Wembanyama raggiunge le 65 partite e resta in corsa per l’MVP
Wembanyama ne mette 40 contro i Dallas Mavericks, raggiunge le 65 presenze e apre il dibattito sul sistema premi NBA
A San Antonio Spurs basta una serata per confermare quello che ormai è evidente: Victor Wembanyama continua a riscrivere aspettative e parametri.
Nella vittoria per 139-120 contro i Dallas Mavericks, il lungo francese ha messo insieme 40 punti, 13 rimbalzi, 5 assist e 2 stoppate, raggiungendo anche un traguardo fondamentale: le 65 presenze stagionali, soglia minima per l’eleggibilità ai premi NBA di fine stagione, un limite che tiene ancora in bilico nomi pesanti come Nikola Jokic.
Un dettaglio tutt’altro che secondario, soprattutto per un giocatore considerato il favorito per il titolo di Defensive Player of the Year.
Una prestazione dominante nonostante il dolore
Rientrato dopo aver saltato una gara per una contusione alle costole rimediata contro Philadelphia 76ers, Wembanyama ha giocato appena 26 minuti, ma è bastato per lasciare il segno. Già nel primo quarto aveva accumulato 16 punti con 6/8 al tiro, 5 rimbalzi e una stoppata, indirizzando subito la partita.

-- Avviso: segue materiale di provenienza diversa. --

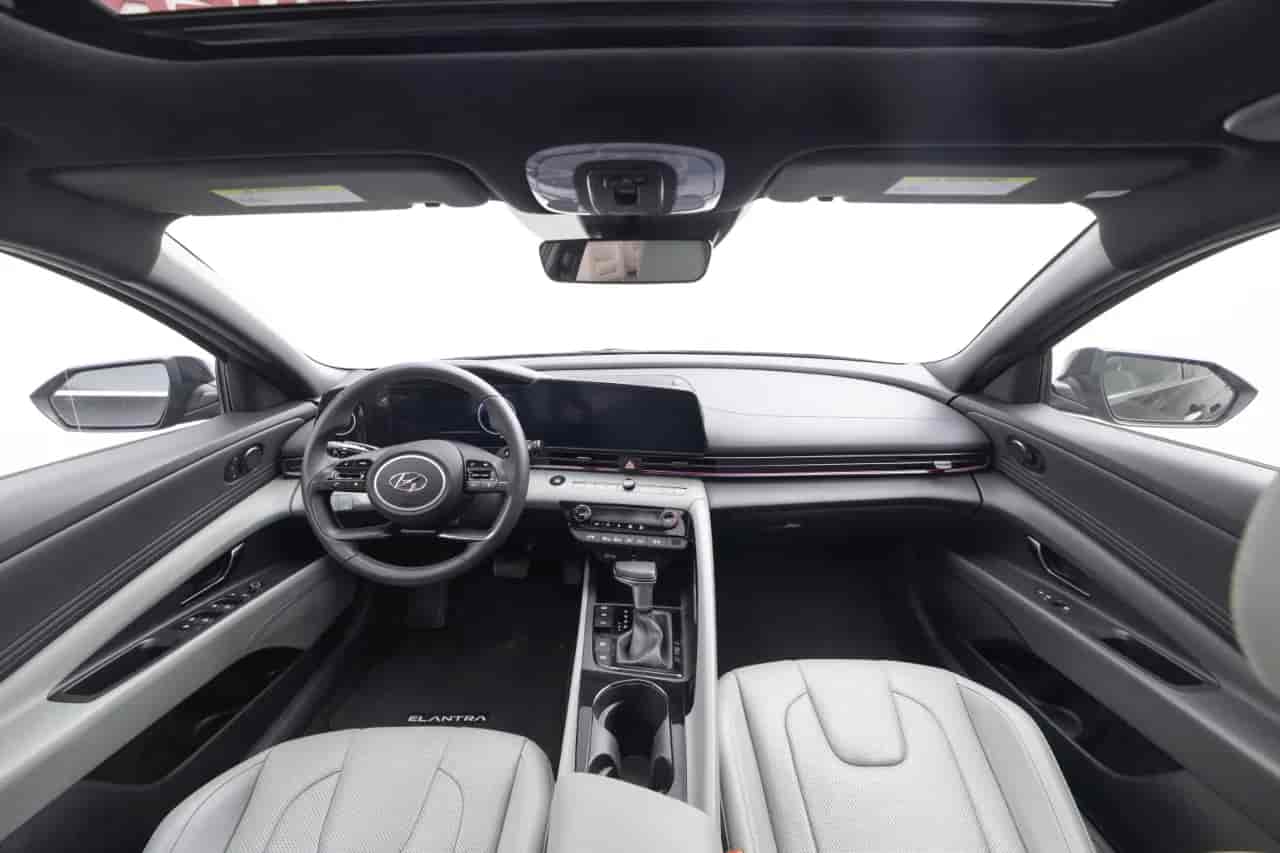 HYUNDAI Elantra - 10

Durante il match non sono mancati segnali di fastidio fisico, con il francese che più volte si è toccato la zona interessata. Eppure, la sua efficacia non ne ha risentito:
Ho cercato di proteggere la costola il più possibile, senza mancare di rispetto al gioco. È andata bene, non mi ha dato troppo fastidio, solo in alcuni contatti specifici
Victor Wembanyama
Anche coach Mitch Johnson ha confermato le condizioni del suo giocatore:
Domani sarà dolorante, ma è uscito bene dalla partita
Mitch Johnson
Numeri da record: eguagliato David Robinson
Quella contro Dallas è stata la quinta partita stagionale con almeno 40 punti e 10 rimbalzi per Wembanyama, un dato che gli permette di raggiungere una leggenda come David Robinson (stagione 1993-94) per il maggior numero di gare di questo tipo nella storia degli Spurs.

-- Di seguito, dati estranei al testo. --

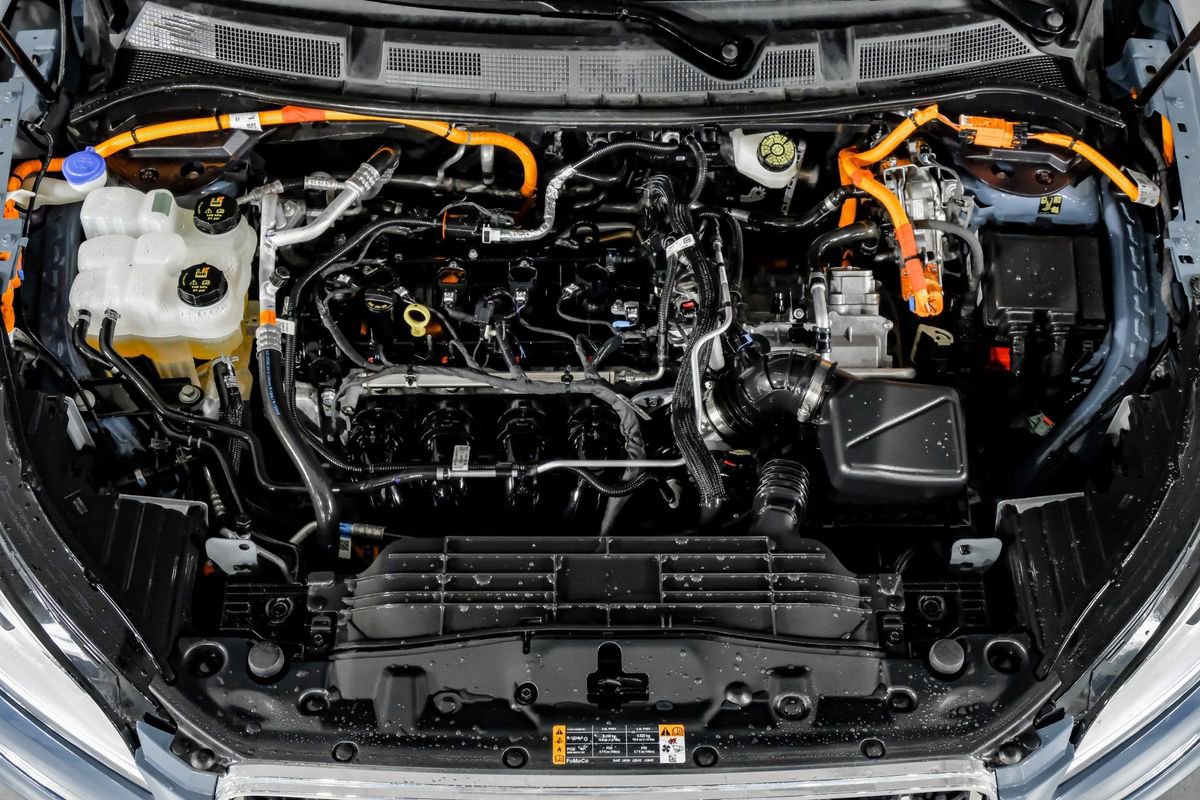 Used 2024 Lincoln Corsair Grand Touring w/ Equipment Group 301A image 46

Un segnale chiaro: il presente è già di altissimo livello, ma il potenziale resta ancora in piena espansione.
La questione delle 65 partite: Wembanyama apre il dibattito
Dopo aver raggiunto la soglia richiesta, il francese ha definito il traguardo come:
Un box da spuntare
Victor Wembanyama
Ma non si è fermato lì. Ha mostrato anche comprensione verso colleghi come Cade Cunningham, Anthony Edwards e Luka Doncic, penalizzati dagli infortuni e quindi fuori dalla corsa ai premi.

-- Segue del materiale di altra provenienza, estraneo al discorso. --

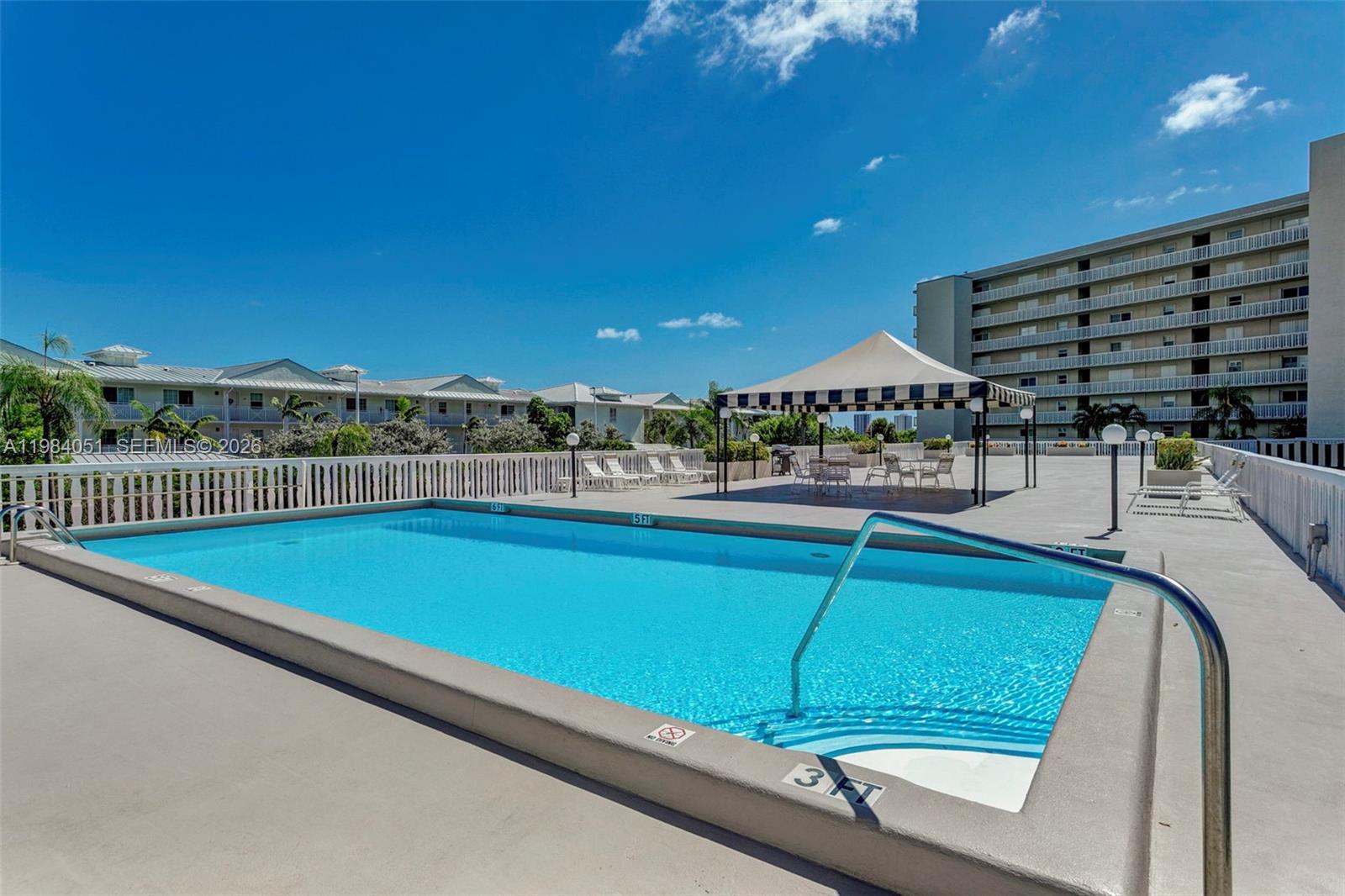 LAKE HARBOUR TOWERS CONDO - Residential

Poi ha ribaltato la prospettiva, ponendo una domanda diretta ai giornalisti: ha davvero senso fissare una soglia di partite?
Il suo ragionamento è stato tanto semplice quanto efficace:
Un giocatore che disputa 50 partite da 35 minuti totalizza 1.750 minuti. Uno che gioca 75 partite da 20 minuti arriva a 1.500. Qual è il vero impatto?
Victor Wembanyama
Una riflessione che mette in discussione l’attuale sistema NBA, suggerendo che il minutaggio complessivo potrebbe essere un parametro più equo rispetto al numero di presenze.
Se avessi già avuto le 65 partite, probabilmente non avrei giocato
Victor Wembanyama
Una frase che apre un altro scenario: quanto il sistema attuale influenza le scelte dei giocatori sul campo?